The number of female directors of UK businesses has grown by more than 16 per cent since 2007, according to new research from Experian's BusinessIQ analysis.
The study of more than 2.7 million companies in the UK shows that the number of women in director roles has grown from 4.3 million in 2007 to five million in 2012.
Smaller firms with between three and 10 employees are still most likely to have a female director, according to the research, but the gap is narrowing among larger firms with more than 250 employees. In 2007, only one third of larger businesses had a female director, while in 2012 the figure grew to 40 per cent.
Women in director roles are more frequently seen in start-up businesses, found Experian, whose research claims that a third of the 1.4 million businesses to have opened their doors since 2007 have one or more female directors.
Despite the progression of women to director roles, Experian also found that women still dominate the professions of hairdressing, primary education and social work.

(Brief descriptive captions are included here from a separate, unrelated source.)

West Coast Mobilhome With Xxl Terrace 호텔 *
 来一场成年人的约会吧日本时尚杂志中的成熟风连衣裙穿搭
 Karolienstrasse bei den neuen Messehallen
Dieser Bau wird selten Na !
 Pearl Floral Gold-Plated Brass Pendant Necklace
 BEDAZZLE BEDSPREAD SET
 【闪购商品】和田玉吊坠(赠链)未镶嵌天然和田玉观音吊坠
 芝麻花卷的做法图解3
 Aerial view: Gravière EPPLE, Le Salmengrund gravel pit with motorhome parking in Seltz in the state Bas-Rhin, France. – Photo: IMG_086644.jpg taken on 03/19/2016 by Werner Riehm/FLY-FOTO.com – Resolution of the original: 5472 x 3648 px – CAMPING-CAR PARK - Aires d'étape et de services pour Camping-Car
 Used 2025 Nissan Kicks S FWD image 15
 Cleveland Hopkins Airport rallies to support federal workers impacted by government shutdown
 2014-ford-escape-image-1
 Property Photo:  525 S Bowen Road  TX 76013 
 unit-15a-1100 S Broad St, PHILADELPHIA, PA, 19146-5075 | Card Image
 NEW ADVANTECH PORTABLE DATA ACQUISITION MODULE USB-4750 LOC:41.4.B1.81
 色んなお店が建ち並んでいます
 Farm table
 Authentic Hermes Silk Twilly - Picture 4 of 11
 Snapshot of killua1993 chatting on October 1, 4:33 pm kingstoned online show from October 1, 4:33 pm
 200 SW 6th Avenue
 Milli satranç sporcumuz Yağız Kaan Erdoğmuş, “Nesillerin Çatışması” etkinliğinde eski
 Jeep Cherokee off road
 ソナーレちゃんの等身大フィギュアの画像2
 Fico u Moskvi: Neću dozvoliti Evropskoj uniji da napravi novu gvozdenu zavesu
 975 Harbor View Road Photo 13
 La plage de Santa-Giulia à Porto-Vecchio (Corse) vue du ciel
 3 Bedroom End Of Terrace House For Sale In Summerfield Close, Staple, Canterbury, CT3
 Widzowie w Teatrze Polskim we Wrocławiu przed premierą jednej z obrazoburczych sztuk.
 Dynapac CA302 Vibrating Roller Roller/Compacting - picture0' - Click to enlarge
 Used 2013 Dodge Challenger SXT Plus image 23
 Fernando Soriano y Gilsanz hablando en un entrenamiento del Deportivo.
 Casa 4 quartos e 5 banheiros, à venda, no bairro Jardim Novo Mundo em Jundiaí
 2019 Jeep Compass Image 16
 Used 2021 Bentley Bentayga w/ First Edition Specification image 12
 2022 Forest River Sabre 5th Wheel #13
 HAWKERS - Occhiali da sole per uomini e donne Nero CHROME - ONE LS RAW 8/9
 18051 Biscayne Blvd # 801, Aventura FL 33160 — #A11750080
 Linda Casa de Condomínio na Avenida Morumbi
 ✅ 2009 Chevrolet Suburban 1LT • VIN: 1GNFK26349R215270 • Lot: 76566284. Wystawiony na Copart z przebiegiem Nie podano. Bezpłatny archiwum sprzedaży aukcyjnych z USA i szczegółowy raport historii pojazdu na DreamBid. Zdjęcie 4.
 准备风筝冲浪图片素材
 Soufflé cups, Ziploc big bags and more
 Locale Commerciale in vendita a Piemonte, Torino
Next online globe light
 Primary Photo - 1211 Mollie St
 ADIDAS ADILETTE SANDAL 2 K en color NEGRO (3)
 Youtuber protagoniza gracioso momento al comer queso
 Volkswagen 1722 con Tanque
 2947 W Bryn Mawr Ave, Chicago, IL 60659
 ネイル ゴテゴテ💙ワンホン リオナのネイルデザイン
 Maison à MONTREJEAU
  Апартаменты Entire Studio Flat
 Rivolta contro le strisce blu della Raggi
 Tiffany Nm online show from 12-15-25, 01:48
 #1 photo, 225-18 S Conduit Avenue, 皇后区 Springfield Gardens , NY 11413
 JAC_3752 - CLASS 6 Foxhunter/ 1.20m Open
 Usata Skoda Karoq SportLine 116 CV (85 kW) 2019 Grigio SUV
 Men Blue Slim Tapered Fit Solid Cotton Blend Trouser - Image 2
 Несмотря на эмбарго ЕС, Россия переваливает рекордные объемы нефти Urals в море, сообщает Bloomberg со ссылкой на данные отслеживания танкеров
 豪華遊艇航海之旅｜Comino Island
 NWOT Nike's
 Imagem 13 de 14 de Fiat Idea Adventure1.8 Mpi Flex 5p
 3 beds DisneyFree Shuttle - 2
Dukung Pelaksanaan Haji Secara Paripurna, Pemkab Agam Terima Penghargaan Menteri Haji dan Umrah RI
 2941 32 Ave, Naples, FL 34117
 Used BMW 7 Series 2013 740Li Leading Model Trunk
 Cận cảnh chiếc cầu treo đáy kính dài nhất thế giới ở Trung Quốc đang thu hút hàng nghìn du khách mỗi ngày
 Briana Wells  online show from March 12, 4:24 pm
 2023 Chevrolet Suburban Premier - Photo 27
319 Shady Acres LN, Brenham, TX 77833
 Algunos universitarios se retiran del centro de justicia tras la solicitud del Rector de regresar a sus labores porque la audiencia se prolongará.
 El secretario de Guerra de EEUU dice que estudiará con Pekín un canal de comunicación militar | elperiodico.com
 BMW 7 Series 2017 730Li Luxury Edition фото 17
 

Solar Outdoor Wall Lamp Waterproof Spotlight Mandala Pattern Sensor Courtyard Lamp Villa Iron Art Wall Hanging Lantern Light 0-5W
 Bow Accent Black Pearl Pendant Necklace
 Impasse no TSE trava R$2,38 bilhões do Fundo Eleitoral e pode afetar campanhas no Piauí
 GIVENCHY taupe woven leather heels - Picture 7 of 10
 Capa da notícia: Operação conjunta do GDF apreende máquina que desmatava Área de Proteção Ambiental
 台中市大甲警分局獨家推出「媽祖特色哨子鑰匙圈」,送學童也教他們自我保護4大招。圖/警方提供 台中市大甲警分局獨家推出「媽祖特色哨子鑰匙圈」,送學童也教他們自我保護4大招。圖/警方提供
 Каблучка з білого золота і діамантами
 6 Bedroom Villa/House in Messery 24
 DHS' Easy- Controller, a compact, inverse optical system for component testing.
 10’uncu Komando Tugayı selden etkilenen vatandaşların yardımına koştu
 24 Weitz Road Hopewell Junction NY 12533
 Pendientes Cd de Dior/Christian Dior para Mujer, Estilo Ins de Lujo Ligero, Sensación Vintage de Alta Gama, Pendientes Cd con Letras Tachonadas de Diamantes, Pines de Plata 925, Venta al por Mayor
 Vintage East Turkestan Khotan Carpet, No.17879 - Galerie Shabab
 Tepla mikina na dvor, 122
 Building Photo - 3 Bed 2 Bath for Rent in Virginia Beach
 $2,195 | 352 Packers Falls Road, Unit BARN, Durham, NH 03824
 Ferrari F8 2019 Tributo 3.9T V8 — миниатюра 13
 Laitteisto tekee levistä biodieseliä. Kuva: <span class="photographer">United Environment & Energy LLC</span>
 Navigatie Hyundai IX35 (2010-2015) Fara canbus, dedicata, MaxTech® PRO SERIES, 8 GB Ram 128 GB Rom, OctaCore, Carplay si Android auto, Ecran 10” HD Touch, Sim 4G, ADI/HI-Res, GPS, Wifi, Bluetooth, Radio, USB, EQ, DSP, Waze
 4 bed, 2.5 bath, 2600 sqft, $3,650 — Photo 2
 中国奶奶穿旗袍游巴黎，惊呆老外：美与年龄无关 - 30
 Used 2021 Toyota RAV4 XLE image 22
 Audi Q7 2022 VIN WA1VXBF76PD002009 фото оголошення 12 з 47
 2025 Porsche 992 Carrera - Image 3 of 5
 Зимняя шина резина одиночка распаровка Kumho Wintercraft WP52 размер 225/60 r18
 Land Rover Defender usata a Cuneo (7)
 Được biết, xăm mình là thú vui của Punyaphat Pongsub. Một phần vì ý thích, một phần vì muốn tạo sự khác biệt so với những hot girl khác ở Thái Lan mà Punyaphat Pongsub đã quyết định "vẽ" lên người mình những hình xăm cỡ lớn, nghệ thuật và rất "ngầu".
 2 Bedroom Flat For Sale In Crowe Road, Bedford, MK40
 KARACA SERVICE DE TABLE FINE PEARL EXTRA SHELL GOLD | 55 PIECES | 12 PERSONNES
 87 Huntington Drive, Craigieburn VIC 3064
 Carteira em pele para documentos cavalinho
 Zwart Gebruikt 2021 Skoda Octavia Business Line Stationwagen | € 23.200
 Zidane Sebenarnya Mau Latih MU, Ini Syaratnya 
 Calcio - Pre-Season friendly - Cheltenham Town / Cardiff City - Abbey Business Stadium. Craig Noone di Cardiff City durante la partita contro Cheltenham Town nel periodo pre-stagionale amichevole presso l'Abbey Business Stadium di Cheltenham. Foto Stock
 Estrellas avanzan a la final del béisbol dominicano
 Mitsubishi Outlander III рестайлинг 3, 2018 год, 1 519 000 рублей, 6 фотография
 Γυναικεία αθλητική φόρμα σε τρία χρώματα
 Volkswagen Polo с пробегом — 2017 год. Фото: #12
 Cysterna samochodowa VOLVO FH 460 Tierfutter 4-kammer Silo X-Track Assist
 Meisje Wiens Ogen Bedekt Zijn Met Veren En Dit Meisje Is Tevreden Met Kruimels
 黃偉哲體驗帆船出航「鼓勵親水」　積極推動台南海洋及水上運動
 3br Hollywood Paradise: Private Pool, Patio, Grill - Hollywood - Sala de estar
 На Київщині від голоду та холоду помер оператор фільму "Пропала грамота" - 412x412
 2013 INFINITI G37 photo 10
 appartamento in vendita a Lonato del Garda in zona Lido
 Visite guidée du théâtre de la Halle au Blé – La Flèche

Between 2007 and 2012, there was a fall in the number of all-female boards in what Experian describes as male-dominated industries such as plumbing and software publishing.
Max Firth, UK managing director for Experian's Business Information Services division said that despite progression made by women over the last five years, the picture is still much the same.
He said: "While there are undoubtedly many women who are breaking new ground and overcoming stereotypes, our data shows that among the total population of UK companies, the industries with most female directors are pretty much the same as before the recession.
"Smaller companies are clearly the driving force for female directors, but our research shows that larger companies' efforts to increase the number of female directors has made a significant difference over the past five years."